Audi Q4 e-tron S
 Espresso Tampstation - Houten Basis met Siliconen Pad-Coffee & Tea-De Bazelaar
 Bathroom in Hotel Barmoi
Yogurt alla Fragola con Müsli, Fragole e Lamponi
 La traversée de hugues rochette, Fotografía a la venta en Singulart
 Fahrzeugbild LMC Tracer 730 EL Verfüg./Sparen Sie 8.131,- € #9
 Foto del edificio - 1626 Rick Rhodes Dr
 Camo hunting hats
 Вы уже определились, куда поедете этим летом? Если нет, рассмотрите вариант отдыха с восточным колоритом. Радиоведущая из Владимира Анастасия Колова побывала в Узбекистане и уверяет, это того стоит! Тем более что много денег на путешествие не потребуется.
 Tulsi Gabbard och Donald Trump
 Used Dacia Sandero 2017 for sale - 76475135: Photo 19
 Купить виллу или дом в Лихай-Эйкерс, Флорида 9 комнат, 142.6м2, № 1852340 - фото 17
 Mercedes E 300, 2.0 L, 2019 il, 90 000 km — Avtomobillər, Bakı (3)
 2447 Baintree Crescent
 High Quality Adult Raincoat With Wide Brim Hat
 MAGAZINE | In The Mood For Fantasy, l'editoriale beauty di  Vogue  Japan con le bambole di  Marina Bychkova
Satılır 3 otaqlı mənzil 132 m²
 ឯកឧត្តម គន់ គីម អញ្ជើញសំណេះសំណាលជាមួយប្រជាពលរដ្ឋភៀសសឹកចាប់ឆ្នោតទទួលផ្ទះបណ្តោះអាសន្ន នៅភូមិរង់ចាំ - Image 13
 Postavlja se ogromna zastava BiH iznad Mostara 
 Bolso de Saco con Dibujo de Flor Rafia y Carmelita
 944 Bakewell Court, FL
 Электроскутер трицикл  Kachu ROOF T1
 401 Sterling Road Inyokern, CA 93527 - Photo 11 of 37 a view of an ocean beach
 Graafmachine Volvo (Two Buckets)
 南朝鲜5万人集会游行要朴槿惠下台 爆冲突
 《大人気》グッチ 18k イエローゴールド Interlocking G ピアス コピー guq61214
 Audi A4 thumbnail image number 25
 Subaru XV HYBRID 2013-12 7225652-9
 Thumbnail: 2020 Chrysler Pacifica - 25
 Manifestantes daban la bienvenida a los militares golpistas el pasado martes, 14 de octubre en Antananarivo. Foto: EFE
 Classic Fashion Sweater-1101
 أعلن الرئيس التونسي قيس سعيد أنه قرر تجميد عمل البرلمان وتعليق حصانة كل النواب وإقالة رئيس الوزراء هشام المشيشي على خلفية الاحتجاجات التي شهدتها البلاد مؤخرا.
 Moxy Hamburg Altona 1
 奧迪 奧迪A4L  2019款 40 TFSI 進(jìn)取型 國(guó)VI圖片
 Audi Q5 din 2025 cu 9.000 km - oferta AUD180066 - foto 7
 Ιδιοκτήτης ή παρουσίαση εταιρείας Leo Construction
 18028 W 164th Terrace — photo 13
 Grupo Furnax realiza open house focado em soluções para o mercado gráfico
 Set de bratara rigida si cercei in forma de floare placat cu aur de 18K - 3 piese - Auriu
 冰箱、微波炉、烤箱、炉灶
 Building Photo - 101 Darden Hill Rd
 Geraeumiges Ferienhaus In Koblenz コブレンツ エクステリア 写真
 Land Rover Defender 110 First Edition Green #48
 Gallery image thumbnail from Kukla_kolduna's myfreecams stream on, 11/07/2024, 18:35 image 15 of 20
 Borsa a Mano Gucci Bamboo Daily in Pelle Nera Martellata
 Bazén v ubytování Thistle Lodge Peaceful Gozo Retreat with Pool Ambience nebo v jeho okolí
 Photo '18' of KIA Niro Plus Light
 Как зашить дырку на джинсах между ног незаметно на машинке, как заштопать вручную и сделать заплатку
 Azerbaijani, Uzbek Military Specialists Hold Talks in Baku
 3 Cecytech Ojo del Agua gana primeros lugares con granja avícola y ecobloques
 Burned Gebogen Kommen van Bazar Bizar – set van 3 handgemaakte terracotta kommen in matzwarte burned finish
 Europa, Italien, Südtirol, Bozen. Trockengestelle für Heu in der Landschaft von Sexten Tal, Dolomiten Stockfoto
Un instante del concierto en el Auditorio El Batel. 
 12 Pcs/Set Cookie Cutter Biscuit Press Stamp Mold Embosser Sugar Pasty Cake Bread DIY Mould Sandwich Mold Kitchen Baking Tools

TASK STATEMENT - Your task is an exact transcription of every line above.

SOLUTION TO THE PROBLEM -
Audi Q4 e-tron S
 Espresso Tampstation - Houten Basis met Siliconen Pad-Coffee & Tea-De Bazelaar
 Bathroom in Hotel Barmoi
Yogurt alla Fragola con Müsli, Fragole e Lamponi
 La traversée de hugues rochette, Fotografía a la venta en Singulart
 Fahrzeugbild LMC Tracer 730 EL Verfüg./Sparen Sie 8.131,- € #9
 Foto del edificio - 1626 Rick Rhodes Dr
 Camo hunting hats
 Вы уже определились, куда поедете этим летом? Если нет, рассмотрите вариант отдыха с восточным колоритом. Радиоведущая из Владимира Анастасия Колова побывала в Узбекистане и уверяет, это того стоит! Тем более что много денег на путешествие не потребуется.
 Tulsi Gabbard och Donald Trump
 Used Dacia Sandero 2017 for sale - 76475135: Photo 19
 Купить виллу или дом в Лихай-Эйкерс, Флорида 9 комнат, 142.6м2, № 1852340 - фото 17
 Mercedes E 300, 2.0 L, 2019 il, 90 000 km — Avtomobillər, Bakı (3)
 2447 Baintree Crescent
 High Quality Adult Raincoat With Wide Brim Hat
 MAGAZINE | In The Mood For Fantasy, l'editoriale beauty di  Vogue  Japan con le bambole di  Marina Bychkova
Satılır 3 otaqlı mənzil 132 m²
 ឯកឧត្តម គន់ គីម អញ្ជើញសំណេះសំណាលជាមួយប្រជាពលរដ្ឋភៀសសឹកចាប់ឆ្នោតទទួលផ្ទះបណ្តោះអាសន្ន នៅភូមិរង់ចាំ - Image 13
 Postavlja se ogromna zastava BiH iznad Mostara 
 Bolso de Saco con Dibujo de Flor Rafia y Carmelita
 944 Bakewell Court, FL
 Электроскутер трицикл  Kachu ROOF T1
 401 Sterling Road Inyokern, CA 93527 - Photo 11 of 37 a view of an ocean beach
 Graafmachine Volvo (Two Buckets)
 南朝鲜5万人集会游行要朴槿惠下台 爆冲突
 《大人気》グッチ 18k イエローゴールド Interlocking G ピアス コピー guq61214
 Audi A4 thumbnail image number 25
 Subaru XV HYBRID 2013-12 7225652-9
 Thumbnail: 2020 Chrysler Pacifica - 25
 Manifestantes daban la bienvenida a los militares golpistas el pasado martes, 14 de octubre en Antananarivo. Foto: EFE
 Classic Fashion Sweater-1101
 أعلن الرئيس التونسي قيس سعيد أنه قرر تجميد عمل البرلمان وتعليق حصانة كل النواب وإقالة رئيس الوزراء هشام المشيشي على خلفية الاحتجاجات التي شهدتها البلاد مؤخرا.
 Moxy Hamburg Altona 1
 奧迪 奧迪A4L  2019款 40 TFSI 進(jìn)取型 國(guó)VI圖片
 Audi Q5 din 2025 cu 9.000 km - oferta AUD180066 - foto 7
 Ιδιοκτήτης ή παρουσίαση εταιρείας Leo Construction
 18028 W 164th Terrace — photo 13
 Grupo Furnax realiza open house focado em soluções para o mercado gráfico
 Set de bratara rigida si cercei in forma de floare placat cu aur de 18K - 3 piese - Auriu
 冰箱、微波炉、烤箱、炉灶
 Building Photo - 101 Darden Hill Rd
 Geraeumiges Ferienhaus In Koblenz コブレンツ エクステリア 写真
 Land Rover Defender 110 First Edition Green #48
 Gallery image thumbnail from Kukla_kolduna's myfreecams stream on, 11/07/2024, 18:35 image 15 of 20
 Borsa a Mano Gucci Bamboo Daily in Pelle Nera Martellata
 Bazén v ubytování Thistle Lodge Peaceful Gozo Retreat with Pool Ambience nebo v jeho okolí
 Photo '18' of KIA Niro Plus Light
 Как зашить дырку на джинсах между ног незаметно на машинке, как заштопать вручную и сделать заплатку
 Azerbaijani, Uzbek Military Specialists Hold Talks in Baku
 3 Cecytech Ojo del Agua gana primeros lugares con granja avícola y ecobloques
 Burned Gebogen Kommen van Bazar Bizar – set van 3 handgemaakte terracotta kommen in matzwarte burned finish
 Europa, Italien, Südtirol, Bozen. Trockengestelle für Heu in der Landschaft von Sexten Tal, Dolomiten Stockfoto
Un instante del concierto en el Auditorio El Batel. 
 12 Pcs/Set Cookie Cutter Biscuit Press Stamp Mold Embosser Sugar Pasty Cake Bread DIY Mould Sandwich Mold Kitchen Baking Tools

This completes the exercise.